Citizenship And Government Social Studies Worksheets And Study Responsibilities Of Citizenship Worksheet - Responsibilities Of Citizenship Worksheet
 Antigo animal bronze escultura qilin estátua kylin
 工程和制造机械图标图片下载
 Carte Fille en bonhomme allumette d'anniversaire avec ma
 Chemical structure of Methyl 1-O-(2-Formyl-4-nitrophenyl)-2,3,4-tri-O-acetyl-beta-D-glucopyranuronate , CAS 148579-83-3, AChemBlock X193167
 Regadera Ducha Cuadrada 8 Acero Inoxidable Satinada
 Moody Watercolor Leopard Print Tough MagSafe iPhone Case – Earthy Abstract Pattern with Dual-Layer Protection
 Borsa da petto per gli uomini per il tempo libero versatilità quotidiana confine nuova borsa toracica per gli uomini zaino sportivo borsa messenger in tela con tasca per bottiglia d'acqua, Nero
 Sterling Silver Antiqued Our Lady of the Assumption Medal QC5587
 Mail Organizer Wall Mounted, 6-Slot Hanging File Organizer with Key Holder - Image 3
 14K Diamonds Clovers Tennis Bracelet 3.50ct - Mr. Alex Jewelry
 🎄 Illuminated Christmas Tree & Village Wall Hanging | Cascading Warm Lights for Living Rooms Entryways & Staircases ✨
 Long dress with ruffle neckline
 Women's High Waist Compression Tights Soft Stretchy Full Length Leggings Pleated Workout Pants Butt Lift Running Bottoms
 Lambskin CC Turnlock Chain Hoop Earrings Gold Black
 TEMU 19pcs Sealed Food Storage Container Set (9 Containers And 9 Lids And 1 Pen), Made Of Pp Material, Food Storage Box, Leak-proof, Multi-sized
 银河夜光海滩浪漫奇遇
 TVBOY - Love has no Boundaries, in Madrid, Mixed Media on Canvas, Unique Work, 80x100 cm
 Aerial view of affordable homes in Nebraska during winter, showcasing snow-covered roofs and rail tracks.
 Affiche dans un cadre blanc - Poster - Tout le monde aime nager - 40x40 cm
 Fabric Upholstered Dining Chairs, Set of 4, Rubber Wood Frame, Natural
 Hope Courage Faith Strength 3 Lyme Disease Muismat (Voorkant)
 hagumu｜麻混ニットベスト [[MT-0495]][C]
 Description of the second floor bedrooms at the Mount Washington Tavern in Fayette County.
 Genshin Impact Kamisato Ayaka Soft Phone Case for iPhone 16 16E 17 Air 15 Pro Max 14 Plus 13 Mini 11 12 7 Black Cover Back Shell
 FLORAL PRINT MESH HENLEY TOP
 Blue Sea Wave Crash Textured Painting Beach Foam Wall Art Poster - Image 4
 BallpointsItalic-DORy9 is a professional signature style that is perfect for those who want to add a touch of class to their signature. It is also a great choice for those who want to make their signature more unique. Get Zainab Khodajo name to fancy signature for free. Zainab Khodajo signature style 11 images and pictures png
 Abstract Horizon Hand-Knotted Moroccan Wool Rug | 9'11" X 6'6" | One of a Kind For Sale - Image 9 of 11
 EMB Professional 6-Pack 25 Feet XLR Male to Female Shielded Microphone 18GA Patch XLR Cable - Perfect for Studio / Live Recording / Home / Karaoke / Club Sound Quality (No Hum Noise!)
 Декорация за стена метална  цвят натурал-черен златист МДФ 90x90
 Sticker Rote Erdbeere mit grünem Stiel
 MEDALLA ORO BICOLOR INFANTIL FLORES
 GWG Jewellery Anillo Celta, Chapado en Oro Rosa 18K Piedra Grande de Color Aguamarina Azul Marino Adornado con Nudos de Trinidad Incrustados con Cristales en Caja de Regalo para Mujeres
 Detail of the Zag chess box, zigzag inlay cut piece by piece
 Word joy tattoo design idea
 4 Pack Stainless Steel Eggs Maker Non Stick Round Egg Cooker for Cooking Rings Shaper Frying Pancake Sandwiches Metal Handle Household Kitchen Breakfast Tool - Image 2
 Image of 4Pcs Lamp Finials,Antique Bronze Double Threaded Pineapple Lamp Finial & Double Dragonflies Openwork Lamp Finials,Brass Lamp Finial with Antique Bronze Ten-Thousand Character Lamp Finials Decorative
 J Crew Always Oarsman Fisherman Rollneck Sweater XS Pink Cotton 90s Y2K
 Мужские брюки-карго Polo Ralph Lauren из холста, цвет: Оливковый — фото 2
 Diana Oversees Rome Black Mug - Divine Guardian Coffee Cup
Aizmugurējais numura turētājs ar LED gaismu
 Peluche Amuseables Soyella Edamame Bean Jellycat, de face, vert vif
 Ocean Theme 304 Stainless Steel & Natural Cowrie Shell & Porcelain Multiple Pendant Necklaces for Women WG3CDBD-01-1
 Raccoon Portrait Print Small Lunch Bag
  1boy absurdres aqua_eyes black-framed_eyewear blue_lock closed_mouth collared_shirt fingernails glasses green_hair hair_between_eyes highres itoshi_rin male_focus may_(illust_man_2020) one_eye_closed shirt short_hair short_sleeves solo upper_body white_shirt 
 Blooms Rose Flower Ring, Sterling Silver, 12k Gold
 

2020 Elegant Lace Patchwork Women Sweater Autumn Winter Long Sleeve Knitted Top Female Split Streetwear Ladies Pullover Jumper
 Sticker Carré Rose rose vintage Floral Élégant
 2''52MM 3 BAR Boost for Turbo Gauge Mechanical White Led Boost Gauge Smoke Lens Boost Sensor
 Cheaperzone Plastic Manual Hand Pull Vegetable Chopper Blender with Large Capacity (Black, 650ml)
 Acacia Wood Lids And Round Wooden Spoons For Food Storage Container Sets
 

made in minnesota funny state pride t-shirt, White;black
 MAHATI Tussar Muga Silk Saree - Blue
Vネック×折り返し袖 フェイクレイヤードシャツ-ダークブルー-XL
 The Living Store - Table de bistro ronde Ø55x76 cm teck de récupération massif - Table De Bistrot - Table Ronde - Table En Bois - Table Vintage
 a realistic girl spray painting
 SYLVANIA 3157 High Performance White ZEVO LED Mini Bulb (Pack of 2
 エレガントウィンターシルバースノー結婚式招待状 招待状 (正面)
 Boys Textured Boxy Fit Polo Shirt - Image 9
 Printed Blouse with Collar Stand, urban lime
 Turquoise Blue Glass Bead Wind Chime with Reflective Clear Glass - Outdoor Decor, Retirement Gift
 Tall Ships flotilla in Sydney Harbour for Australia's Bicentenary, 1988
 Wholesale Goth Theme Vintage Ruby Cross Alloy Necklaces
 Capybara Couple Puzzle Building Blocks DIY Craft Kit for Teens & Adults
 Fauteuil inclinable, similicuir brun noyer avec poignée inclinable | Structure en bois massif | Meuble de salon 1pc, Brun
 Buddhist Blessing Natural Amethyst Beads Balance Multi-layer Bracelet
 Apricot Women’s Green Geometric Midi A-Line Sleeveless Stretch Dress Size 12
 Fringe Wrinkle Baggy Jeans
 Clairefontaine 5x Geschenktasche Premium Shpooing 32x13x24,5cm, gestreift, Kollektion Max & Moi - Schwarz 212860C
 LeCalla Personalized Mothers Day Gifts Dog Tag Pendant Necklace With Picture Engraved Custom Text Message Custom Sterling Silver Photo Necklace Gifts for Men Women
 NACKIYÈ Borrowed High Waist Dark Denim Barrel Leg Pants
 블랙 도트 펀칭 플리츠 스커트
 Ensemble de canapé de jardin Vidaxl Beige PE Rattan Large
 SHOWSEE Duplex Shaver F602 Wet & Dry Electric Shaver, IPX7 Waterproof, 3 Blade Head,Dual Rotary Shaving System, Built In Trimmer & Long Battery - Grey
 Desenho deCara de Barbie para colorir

..............................

- **Activity**: Look through the data above. Each line containing the word "Wall" needs to be copied.

- **Reply**:
 Mail Organizer Wall Mounted, 6-Slot Hanging File Organizer with Key Holder - Image 3
 🎄 Illuminated Christmas Tree & Village Wall Hanging | Cascading Warm Lights for Living Rooms Entryways & Staircases ✨
 Blue Sea Wave Crash Textured Painting Beach Foam Wall Art Poster - Image 4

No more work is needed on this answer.